■ Problem statement ■
Go over the records and count each line that has the string "Girls". Give the number and nothing else.

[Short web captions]
#####

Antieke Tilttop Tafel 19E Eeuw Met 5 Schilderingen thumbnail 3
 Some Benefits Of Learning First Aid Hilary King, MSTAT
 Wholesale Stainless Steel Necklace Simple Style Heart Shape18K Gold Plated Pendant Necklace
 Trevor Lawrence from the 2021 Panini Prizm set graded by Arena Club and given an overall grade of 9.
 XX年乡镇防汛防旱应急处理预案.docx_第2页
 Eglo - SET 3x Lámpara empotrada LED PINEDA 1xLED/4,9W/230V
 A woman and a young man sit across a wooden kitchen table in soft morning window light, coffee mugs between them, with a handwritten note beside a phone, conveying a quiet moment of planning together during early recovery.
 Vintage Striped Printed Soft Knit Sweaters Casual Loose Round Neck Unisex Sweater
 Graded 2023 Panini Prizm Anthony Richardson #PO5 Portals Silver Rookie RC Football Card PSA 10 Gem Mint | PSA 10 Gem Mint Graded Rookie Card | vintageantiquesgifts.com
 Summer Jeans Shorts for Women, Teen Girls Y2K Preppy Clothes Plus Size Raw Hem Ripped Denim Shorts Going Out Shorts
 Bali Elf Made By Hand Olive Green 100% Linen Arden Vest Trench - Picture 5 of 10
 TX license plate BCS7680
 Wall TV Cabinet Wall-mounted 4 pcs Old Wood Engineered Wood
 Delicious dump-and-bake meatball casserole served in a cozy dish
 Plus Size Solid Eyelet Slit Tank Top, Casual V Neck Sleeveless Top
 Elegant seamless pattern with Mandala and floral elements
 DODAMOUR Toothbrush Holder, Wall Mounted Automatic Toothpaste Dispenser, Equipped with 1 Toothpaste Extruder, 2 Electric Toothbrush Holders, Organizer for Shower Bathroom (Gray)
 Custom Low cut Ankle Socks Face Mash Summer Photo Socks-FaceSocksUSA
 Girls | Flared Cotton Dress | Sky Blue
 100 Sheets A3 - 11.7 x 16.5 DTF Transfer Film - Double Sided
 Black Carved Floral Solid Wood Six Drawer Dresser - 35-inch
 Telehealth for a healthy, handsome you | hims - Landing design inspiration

#####

■ Worked solution ■
2